Senator Feighan asked how we could get the Northern Ireland institutions up and running again. Some people in this room will have received feedback from the meeting held last Friday. It was a difficult enough meeting. I believe Sinn Féin, in particular, found it frustrating and did not believe it was a serious process, but it was a serious effort by the two Governments to get people around a table to have a serious conversation. It was not the start of a new process and was not meant to be, but it was the first time in a year that all of the party leaders had sat around a table and had had a discussion, even if it was somewhat tense, on the parameters within which we needed to work to get a system of devolved government working again. To be honest, I believe the two Governments need to do more together. We must look at how they can do some of the political heavy lifting to help the parties to find the basis of an agreement. From Sinn Féin's perspective, the rights agenda is very important. The SDLP and the Alliance Party also had sensible suggestions to make, as did the UUP and the DUP. It was an honest discussion, at the end of which we said the two Governments needed to talk to each other and the party leaders to find a way to put a basis in place which would be taken seriously by all parties to make another attempt at finding an accommodation for each other in a way that would allow the institutions to be re-established. We cannot afford to have a half-baked proposal and fail again. As the political capital in Northern Ireland is running thin and people are losing faith, we must be careful. Whatever we do next must have a good chance of succeeding. I am conscious of this in the conversations I am having with my counterparts in the British Government.

We are increasing PEACE programme funding and will continue to increase it. I am glad that the appetite in the European Union for continuing to support the programme will be strong through to the end of 2020 and beyond. The indications are that the British Government would also like to contribute to it, as we hope and expect.
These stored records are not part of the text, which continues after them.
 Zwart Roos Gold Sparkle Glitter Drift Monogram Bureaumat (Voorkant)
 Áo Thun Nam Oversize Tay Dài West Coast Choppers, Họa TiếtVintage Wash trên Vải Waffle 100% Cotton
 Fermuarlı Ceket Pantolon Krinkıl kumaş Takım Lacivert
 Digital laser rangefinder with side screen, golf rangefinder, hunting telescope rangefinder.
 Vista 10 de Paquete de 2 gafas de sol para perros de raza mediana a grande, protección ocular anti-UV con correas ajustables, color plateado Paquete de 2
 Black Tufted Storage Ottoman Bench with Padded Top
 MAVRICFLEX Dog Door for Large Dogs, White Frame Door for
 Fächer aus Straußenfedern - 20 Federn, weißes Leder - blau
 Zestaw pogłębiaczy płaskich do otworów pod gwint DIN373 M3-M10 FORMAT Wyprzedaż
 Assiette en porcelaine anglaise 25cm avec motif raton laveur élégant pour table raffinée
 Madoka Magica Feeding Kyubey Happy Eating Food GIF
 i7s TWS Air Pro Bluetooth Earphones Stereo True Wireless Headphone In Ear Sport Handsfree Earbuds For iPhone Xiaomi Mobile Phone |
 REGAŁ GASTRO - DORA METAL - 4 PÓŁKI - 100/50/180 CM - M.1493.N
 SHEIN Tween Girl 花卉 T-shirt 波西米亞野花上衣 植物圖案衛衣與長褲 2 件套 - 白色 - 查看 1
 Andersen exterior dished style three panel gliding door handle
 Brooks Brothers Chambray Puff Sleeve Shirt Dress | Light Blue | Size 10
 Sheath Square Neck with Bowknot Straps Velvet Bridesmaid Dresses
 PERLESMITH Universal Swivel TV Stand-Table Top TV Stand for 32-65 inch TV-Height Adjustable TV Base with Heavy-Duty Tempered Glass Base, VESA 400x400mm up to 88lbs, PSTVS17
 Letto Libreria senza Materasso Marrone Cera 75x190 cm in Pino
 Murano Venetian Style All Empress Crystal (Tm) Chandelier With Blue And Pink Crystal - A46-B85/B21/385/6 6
I do not wish to get into the question of a Border poll because I am not sure it would help. People have different perspectives which I respect. I hope they also respect my perspective. We are trying to get a deal that will protect this island, North and South, from the potentially extraordinarily damaging impact of Brexit. It is difficult and many people feel threatened by it. Introducing a conversation on the demand for a Border poll at this time has an even more intense polarising effect on communities, but that is not to say it is not a legitimate aspiration. Of course, it is. People in Northern Ireland should be able to talk about having a nationalist aspiration, just as they should be allowed to talk about having a unionist one. That is what the Good Friday Agreement should facilitate. However, there is an issue in looking at the multiple challenges we face and trying to navigate a way through them. We only have 36 days left.

To respond to Deputy Breathnach's question about an extension of Article 50, Ireland will not be an obstacle to its extension if there is a sincere request from the British Government. However, if the European Union is to agree to it, there will have to be a plan to go with it. It cannot just be a case of seeking another six or 12 months. There would have to be a convincing plan, whereby the British Government could state what it would do if it was given another six months and how it would get the deal across the line if given more time. If the request was sincere and there was proper thought behind it, it could happen, but the Prime Minister has made it clear that she is not seeking an extension of Article 50, certainly not at present. She has to manage politics at Westminster, but that is the job of the British Government. What we must do is contribute to the EU side of the discussion. We must ensure we are informed, consistent and respectful of the United Kingdom and at the same time not make decisions that will fundamentally undermine core positions that were settled in the withdrawal agreement and which should not be undermined now in any attempt at compromise.